◆ EXERCISE
Practice item. Set the material below down again exactly, with no pictures.

◆ PROVIDED DATA
§ §
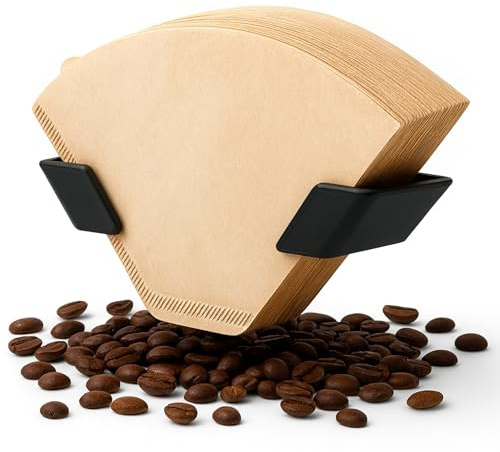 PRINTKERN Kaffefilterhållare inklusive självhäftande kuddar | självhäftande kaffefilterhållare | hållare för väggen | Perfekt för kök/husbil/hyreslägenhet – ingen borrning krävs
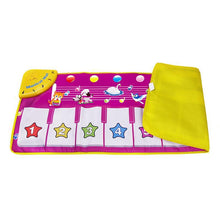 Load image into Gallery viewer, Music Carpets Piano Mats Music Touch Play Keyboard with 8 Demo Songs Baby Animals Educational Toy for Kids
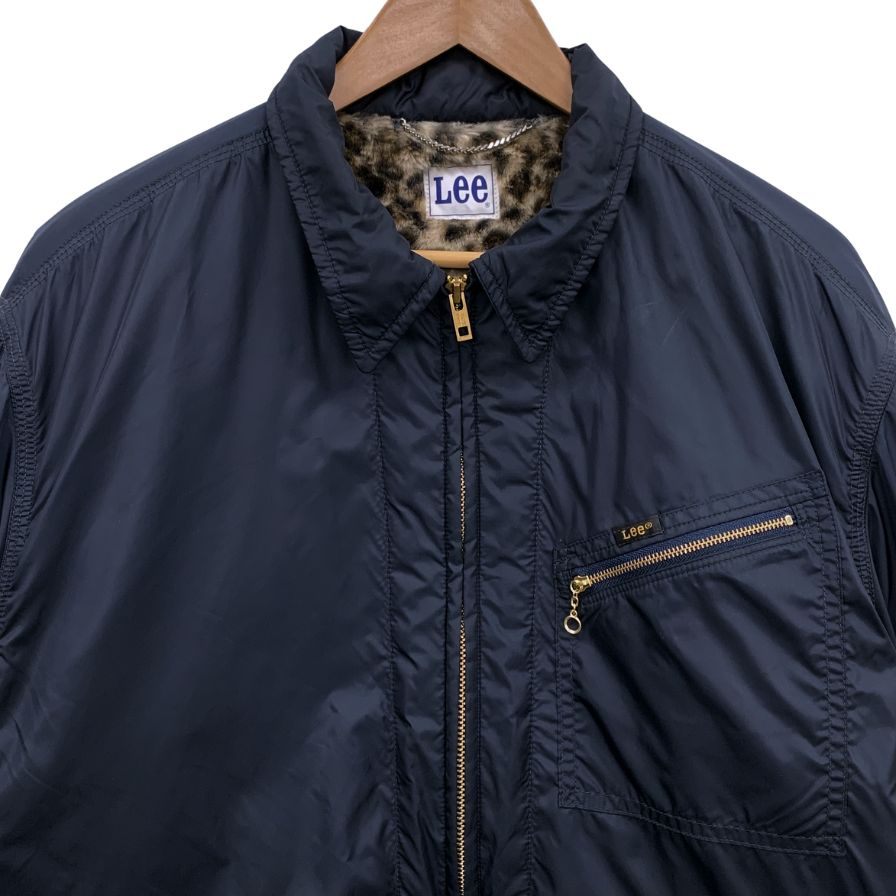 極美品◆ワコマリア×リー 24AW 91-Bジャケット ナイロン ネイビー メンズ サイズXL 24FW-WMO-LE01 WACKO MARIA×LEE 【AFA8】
§ §
◆ SOLUTION TO THIS TASK
 PRINTKERN Kaffefilterhållare inklusive självhäftande kuddar | självhäftande kaffefilterhållare | hållare för väggen | Perfekt för kök/husbil/hyreslägenhet – ingen borrning krävs
 Load image into Gallery viewer, Music Carpets Piano Mats Music Touch Play Keyboard with 8 Demo Songs Baby Animals Educational Toy for Kids
 極美品◆ワコマリア×リー 24AW 91-Bジャケット ナイロン ネイビー メンズ サイズXL 24FW-WMO-LE01 WACKO MARIA×LEE 【AFA8】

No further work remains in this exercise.